Data Science Skills

We create high quality open lessons for open science.

Fork and Clone GitHub Repos

Jenny Palomino, Leah Wasser, Martha Morrissey, September 4, 2023 | 9 min Read

Table Of Contents

Learning Objectives

After completing this page, you will be able to:

  • Explain how a GitHub repository stores and tracks changes to files.
  • Create a copy of (i.e. fork) other users’ files on GitHub.com .
  • Use the git clone command to download a copy of a GitHub repository to your computer.

{{{

}}}

About Git and GitHub

Previously, you learned that git is tool that is used to track changes in files (a process called version control) through a suite of commands that you can execute in the Terminal. You also learned that GitHub allows you to store files in the cloud to access them from any computer and to share them with others.

You can use git and GitHub together in a workflow to make changes to files locally with git and to store and share your files on GitHub.com. To work together, git and GitHub use repositories (i.e. directories of files) to manage and store files.

Tip

A GitHub repository is a directory of files and folders that is hosted on GitHub.com.

Having a copy of a set of files stored in GitHub repositories in the cloud is ideal because:

  1. There is a backup: If something happens to your computer, the files are still available online.
  2. You can share the files with other people easily.
  3. You can even create a Digital Object Identifier (DOI) using third party tools like Zenodo to cite your files or ask others to cite your files. You can also add these DOIs to your resume or C.V. to promote your work.

Directory Structure of Repositories

In essence, a repository is a directory for a specific project that is identified as a repository by git and GitHub because it contains a subdirectory called .git.

The .git subdirectory is created automatically, either by GitHub if it is created on GitHub.com or by git if the repository is created locally on a computer first (i.e. initialized as a repository). This .git subdirectory is used by these tools to manage and track the various tasks that are run on this directory (e.g. tracking changes to files in the repository). Thus, you never need to access or modify the files in the .git subdirectory.

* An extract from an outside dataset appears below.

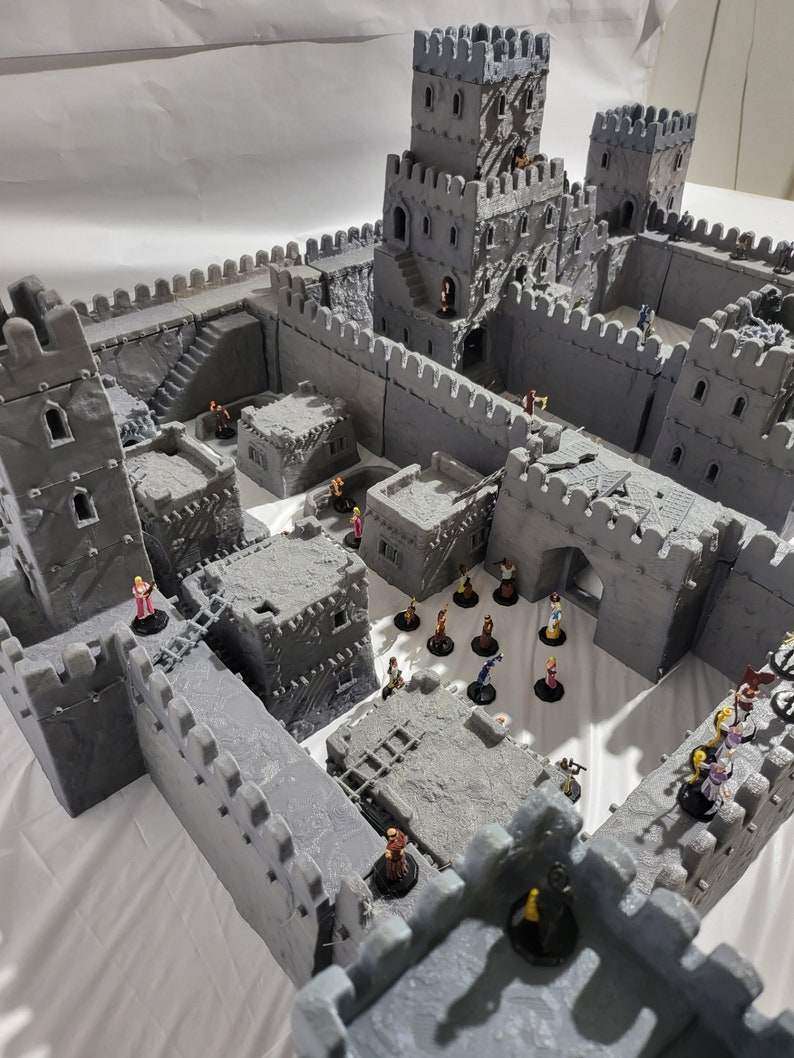 Desert Castle Complex, Desert Huts, Desert Castle, Desert Town, Mud Castle, Dungeons and Dragons, Tabletop Terrain image 6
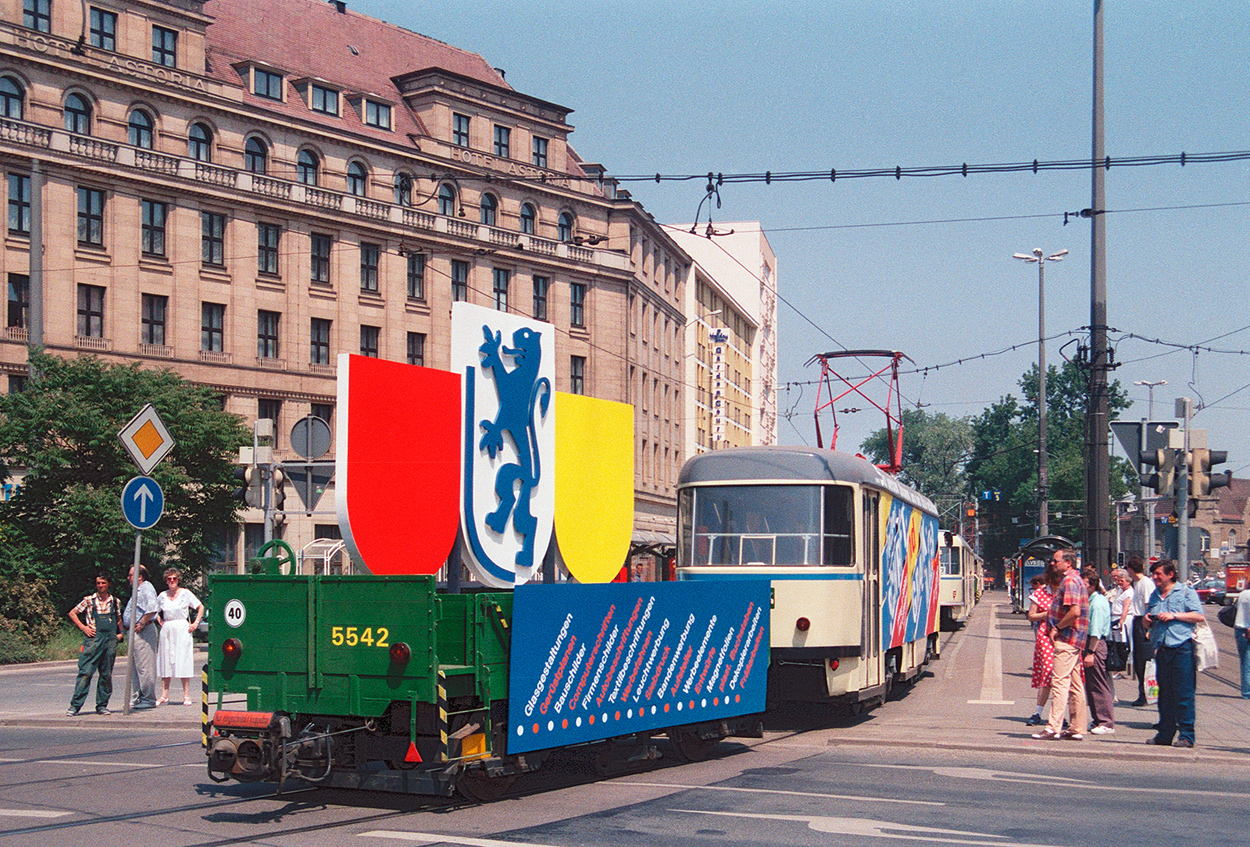 Leipzig, 2-axle trailer car č. 5542; Leipzig — 100 years of electric trams in Leipzig (June 8, 1996)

A typical repository (e.g. project-name) is structured as follows:

project-name
    .git/
    data/
    scripts/
    .gitignore
    README.md

In addition to the .git subdirectory, it is common to have subdirectories for specific files of a workflow such as data or scripts. A few common files in most if not all git repos are:

  1. README.md file: This is a Markdown file that is used to provide a description of the repository (i.e. its contents, purpose, etc), so that others can learn how to use the files in the repository.
  2. .gitignore file: This file can be used to list the files that you do not want git to track (i.e. monitor via version control). You will learn more about both of these useful files later in this chapter.

URL of Repositories on GitHub.com

When a repository is stored on GitHub.com, it is assigned a unique URL (i.e. link on the GitHub.com website) that can be used to find the repository and access its files. While repositories on GitHub.com can be made either public or private, the default is public for free GitHub accounts.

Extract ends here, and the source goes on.